● **What you should do**: Find the line with "The World’s Best" in the data below. Repeat it and every line after it up to the end, exactly, but drop the pictures.

● **Information supplied**:

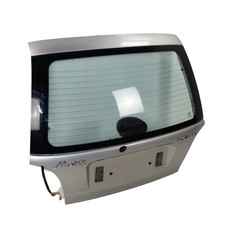 Chevrolet Matiz I Heckklappe Klappe hinten silber metallic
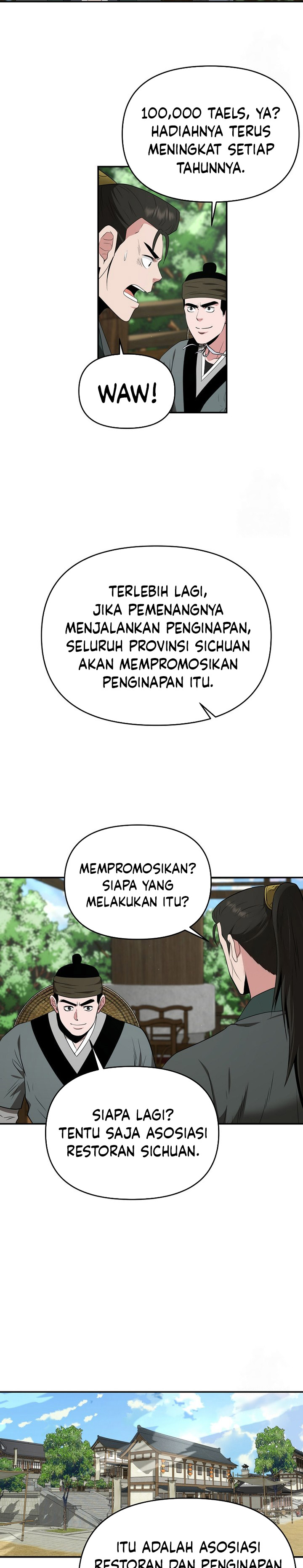 The World’s Best Kunlun Tavern Chapter 62 Bahasa Indonesia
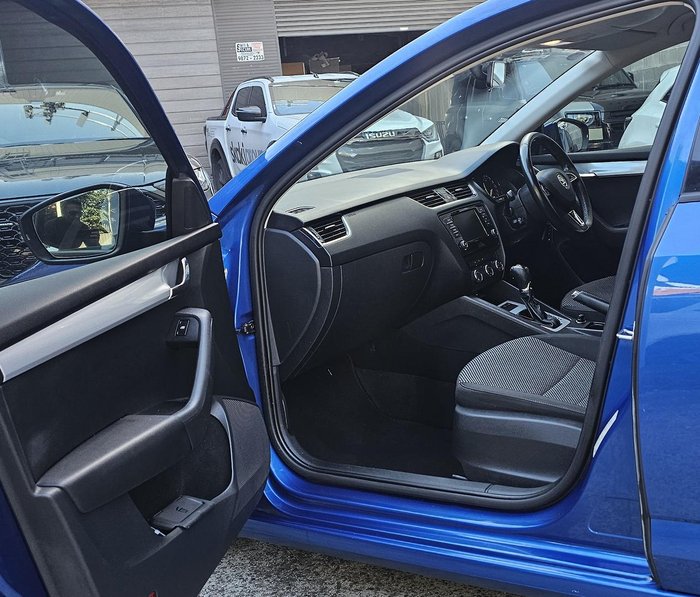 2016 SKODA Octavia Ambition 110TSI NE MY17 Race Blue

● **Problem solution**:
 The World’s Best Kunlun Tavern Chapter 62 Bahasa Indonesia
 2016 SKODA Octavia Ambition 110TSI NE MY17 Race Blue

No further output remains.